By 1888, the British were dictating a new Constitution; by 1889, the ruler’s authority had been clipped by a council. The British wanted two things in the main. The first was to bring Kashmir in line with the other Princely States and establish their unquestioned supremacy. The second was to obtain Gilgit to firm up the Empire’s defences against Russia. They got both.


It was inevitable that the confrontation between the Muslim masses and an oppressive Hindu government would acquire a communal tinge. Muslims yearned for liberation from Dogra rule. In December 1930, a group of young men launched an agitation in Jammu on their return from the annual session of All India Muslim Conference held in Lahore. The government got ‘tough’ and arrests were made. A maulvi was prevented from reciting the Khutba in a Jammu mosque. This welled up into a slogan on the streets of Jammu-“Islam in danger”. The spirit of protest travelled to Srinagar. However, the fire of a mass upsurge was lit not by a Kashmiri intellectual but by a Punjabi cook.


Abdul Qadir was a cook with a European posted in Srinagar. On 21 June 1931, Abdul Qadir made a speech at the Khanqah of Sheikh Hamadani which sent passions soaring. His arrest was the match to the tinder-box.


About four to five thousand people collected at gates of Srinagar Central Jail on the day of the hearing, and made a rush for the gates to free their hero. The police stopped them. The crowd replied with stones. Authorities responded with bullets. Twenty one people died and many more were wounded. An enraged crowd paraded the corpses through the main markets; shops were looted and Hindus attacked. It was a day of many firsts: the first popular street challenge to the Maharaja’s despotism; the first mass communal violence; the first instance of police firing on an unarmed crowd.

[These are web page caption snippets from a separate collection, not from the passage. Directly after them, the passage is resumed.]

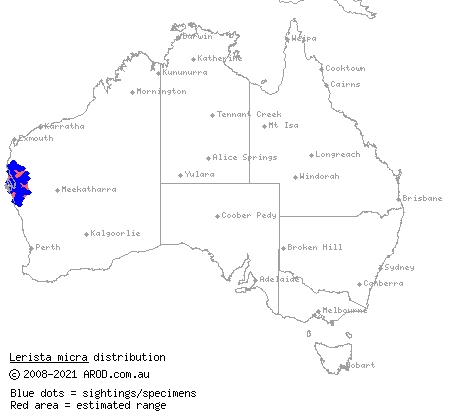 micro slider (Lerista micra) distribution range map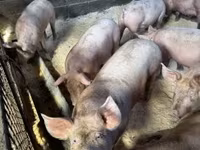 母猪, Pigs — 照片 4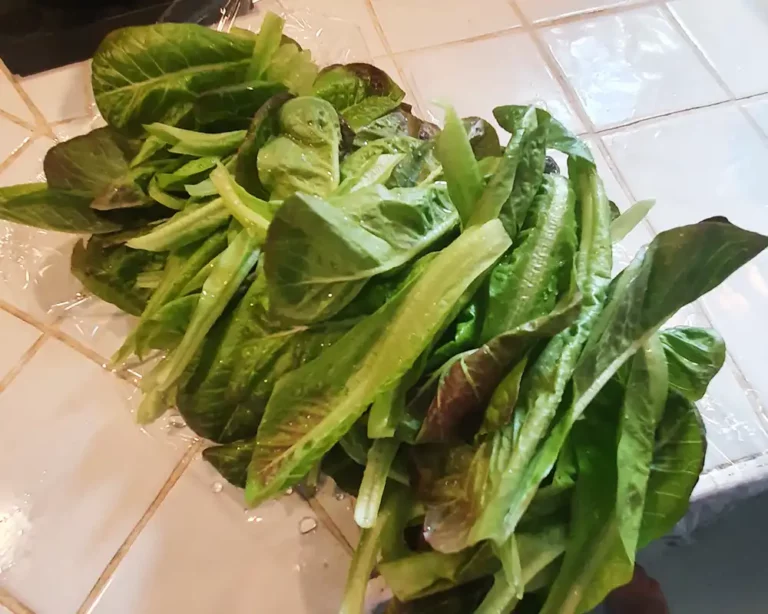 Harvesting and Storing Hydroponics Lettuce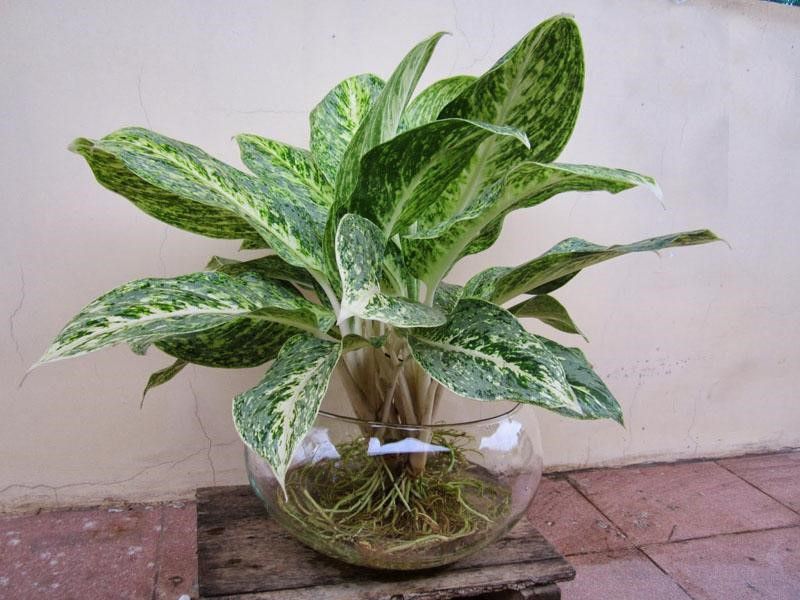 co nen trong cay phong thuy trong van phong hay khong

Kashmir had changed. The movement for self-rule had now acquired a momentum which was difficult to contain. That anger flowed into a great movement only when it was harnessed to Kashmiriyat, and ploughed the trans-religious culture and identity of a country where a Sheikh could proudly call a Pandit his blood-brother and make common cause against both Islamic fanaticism and Hindu fascism.